"""
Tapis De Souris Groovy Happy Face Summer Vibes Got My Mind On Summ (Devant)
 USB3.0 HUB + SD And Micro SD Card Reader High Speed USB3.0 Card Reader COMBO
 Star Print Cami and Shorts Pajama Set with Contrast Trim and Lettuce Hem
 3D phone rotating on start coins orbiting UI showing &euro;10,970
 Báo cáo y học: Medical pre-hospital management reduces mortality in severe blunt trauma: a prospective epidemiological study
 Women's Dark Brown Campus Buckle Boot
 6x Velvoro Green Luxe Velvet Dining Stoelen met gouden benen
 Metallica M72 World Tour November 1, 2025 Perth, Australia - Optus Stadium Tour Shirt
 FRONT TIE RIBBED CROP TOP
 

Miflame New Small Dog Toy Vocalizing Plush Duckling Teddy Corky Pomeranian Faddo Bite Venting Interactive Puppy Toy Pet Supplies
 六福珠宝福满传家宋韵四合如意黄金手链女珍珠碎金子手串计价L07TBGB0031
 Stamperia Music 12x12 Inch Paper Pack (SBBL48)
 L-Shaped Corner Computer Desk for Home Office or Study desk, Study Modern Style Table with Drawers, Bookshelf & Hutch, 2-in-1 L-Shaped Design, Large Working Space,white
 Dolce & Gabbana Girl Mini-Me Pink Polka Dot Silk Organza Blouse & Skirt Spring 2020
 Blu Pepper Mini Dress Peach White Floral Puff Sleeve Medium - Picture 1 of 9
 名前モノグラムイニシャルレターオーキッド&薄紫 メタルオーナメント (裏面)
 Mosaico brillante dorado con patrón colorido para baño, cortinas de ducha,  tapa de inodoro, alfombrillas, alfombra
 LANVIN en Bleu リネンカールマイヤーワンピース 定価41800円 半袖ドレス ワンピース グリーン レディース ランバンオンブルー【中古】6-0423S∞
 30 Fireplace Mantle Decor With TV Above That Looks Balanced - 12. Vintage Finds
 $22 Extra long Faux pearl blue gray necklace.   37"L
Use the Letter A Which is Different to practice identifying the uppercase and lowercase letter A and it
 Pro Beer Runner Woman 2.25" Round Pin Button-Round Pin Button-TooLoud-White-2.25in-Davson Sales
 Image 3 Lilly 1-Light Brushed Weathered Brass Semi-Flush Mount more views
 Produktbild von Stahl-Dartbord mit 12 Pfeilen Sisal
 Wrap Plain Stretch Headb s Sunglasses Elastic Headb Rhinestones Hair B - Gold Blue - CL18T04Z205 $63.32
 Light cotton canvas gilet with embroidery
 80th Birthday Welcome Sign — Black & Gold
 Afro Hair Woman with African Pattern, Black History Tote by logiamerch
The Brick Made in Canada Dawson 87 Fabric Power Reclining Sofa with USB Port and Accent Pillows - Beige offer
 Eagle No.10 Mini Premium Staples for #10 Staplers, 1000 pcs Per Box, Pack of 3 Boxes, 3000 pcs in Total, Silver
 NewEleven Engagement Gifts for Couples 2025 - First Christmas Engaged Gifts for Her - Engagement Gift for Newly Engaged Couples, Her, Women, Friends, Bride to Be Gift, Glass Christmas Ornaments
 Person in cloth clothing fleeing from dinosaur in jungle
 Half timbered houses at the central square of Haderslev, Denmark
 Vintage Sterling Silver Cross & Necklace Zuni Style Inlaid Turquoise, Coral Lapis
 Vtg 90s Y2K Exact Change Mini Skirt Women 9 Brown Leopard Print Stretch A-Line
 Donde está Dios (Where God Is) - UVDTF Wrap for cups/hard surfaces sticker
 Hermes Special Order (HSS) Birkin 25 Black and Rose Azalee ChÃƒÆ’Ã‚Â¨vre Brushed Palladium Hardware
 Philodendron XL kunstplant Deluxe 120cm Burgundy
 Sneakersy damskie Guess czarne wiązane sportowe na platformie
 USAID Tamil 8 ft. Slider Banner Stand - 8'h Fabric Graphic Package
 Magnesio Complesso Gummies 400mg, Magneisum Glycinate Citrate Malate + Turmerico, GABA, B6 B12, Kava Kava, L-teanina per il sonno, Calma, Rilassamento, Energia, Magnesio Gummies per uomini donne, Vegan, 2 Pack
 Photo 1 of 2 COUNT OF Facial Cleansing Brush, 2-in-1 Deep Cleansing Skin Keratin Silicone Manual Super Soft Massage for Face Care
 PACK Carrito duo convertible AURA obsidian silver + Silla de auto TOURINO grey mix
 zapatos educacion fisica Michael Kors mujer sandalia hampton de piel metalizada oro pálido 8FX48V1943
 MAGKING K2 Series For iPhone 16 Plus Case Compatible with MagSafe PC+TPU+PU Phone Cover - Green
"""
What is required
Exactly as they stand, please print the lines from the first line of the records above down to the line that includes "The Brick Made", both of those included and no others.

Final answer
Tapis De Souris Groovy Happy Face Summer Vibes Got My Mind On Summ (Devant)
 USB3.0 HUB + SD And Micro SD Card Reader High Speed USB3.0 Card Reader COMBO
 Star Print Cami and Shorts Pajama Set with Contrast Trim and Lettuce Hem
 3D phone rotating on start coins orbiting UI showing &euro;10,970
 Báo cáo y học: Medical pre-hospital management reduces mortality in severe blunt trauma: a prospective epidemiological study
 Women's Dark Brown Campus Buckle Boot
 6x Velvoro Green Luxe Velvet Dining Stoelen met gouden benen
 Metallica M72 World Tour November 1, 2025 Perth, Australia - Optus Stadium Tour Shirt
 FRONT TIE RIBBED CROP TOP
 

Miflame New Small Dog Toy Vocalizing Plush Duckling Teddy Corky Pomeranian Faddo Bite Venting Interactive Puppy Toy Pet Supplies
 六福珠宝福满传家宋韵四合如意黄金手链女珍珠碎金子手串计价L07TBGB0031
 Stamperia Music 12x12 Inch Paper Pack (SBBL48)
 L-Shaped Corner Computer Desk for Home Office or Study desk, Study Modern Style Table with Drawers, Bookshelf & Hutch, 2-in-1 L-Shaped Design, Large Working Space,white
 Dolce & Gabbana Girl Mini-Me Pink Polka Dot Silk Organza Blouse & Skirt Spring 2020
 Blu Pepper Mini Dress Peach White Floral Puff Sleeve Medium - Picture 1 of 9
 名前モノグラムイニシャルレターオーキッド&薄紫 メタルオーナメント (裏面)
 Mosaico brillante dorado con patrón colorido para baño, cortinas de ducha,  tapa de inodoro, alfombrillas, alfombra
 LANVIN en Bleu リネンカールマイヤーワンピース 定価41800円 半袖ドレス ワンピース グリーン レディース ランバンオンブルー【中古】6-0423S∞
 30 Fireplace Mantle Decor With TV Above That Looks Balanced - 12. Vintage Finds
 $22 Extra long Faux pearl blue gray necklace.   37"L
Use the Letter A Which is Different to practice identifying the uppercase and lowercase letter A and it
 Pro Beer Runner Woman 2.25" Round Pin Button-Round Pin Button-TooLoud-White-2.25in-Davson Sales
 Image 3 Lilly 1-Light Brushed Weathered Brass Semi-Flush Mount more views
 Produktbild von Stahl-Dartbord mit 12 Pfeilen Sisal
 Wrap Plain Stretch Headb s Sunglasses Elastic Headb Rhinestones Hair B - Gold Blue - CL18T04Z205 $63.32
 Light cotton canvas gilet with embroidery
 80th Birthday Welcome Sign — Black & Gold
 Afro Hair Woman with African Pattern, Black History Tote by logiamerch
The Brick Made in Canada Dawson 87 Fabric Power Reclining Sofa with USB Port and Accent Pillows - Beige offer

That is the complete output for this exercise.